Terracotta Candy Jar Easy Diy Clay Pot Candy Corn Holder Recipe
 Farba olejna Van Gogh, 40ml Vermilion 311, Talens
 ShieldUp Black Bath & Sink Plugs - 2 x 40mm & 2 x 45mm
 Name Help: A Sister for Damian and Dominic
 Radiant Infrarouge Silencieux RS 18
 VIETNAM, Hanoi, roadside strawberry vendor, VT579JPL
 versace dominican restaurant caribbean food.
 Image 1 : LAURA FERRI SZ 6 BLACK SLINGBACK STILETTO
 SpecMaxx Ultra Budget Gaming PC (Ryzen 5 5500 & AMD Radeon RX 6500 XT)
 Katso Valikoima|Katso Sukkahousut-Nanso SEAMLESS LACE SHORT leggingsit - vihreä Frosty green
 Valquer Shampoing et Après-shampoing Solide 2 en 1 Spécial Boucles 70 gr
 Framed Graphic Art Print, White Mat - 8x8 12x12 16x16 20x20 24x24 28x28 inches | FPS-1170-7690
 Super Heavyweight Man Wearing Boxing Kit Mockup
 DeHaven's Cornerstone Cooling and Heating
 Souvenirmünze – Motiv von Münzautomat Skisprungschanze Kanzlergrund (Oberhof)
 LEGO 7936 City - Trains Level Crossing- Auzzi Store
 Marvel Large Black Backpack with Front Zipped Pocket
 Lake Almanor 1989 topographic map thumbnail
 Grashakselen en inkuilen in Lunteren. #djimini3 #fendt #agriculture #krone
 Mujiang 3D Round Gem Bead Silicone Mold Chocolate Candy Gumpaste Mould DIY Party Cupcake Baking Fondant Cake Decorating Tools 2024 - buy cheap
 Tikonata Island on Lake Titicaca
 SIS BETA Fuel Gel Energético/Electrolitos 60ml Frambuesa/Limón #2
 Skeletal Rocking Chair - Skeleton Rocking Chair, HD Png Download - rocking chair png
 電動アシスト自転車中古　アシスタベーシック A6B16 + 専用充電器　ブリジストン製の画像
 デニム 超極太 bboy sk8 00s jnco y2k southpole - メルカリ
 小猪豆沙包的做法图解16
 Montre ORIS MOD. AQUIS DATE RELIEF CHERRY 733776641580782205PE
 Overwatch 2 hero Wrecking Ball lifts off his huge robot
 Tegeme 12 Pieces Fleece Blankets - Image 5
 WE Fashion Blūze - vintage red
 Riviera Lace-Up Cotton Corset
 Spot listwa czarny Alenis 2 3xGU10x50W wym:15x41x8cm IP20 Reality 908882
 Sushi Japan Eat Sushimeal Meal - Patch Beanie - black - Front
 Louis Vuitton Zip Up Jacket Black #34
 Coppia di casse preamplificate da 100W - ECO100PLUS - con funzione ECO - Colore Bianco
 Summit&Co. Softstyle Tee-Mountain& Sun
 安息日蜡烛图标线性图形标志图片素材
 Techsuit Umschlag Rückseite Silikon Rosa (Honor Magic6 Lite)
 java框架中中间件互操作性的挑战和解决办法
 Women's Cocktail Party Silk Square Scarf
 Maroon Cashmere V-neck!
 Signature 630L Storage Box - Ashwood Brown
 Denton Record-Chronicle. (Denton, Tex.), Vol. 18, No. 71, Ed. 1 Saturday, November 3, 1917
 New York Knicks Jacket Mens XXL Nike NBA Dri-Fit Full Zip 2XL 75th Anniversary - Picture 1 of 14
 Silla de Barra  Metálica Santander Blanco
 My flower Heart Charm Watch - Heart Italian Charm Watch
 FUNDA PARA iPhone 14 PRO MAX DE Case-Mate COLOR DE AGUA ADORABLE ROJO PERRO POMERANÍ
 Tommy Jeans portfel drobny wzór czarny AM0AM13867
──────
• [PROBLEM DESCRIPTION] Once you have found every line in the listing that holds the string "Lake", copy each of them.

• [WRITTEN RESPONSE]
 Lake Almanor 1989 topographic map thumbnail
 Tikonata Island on Lake Titicaca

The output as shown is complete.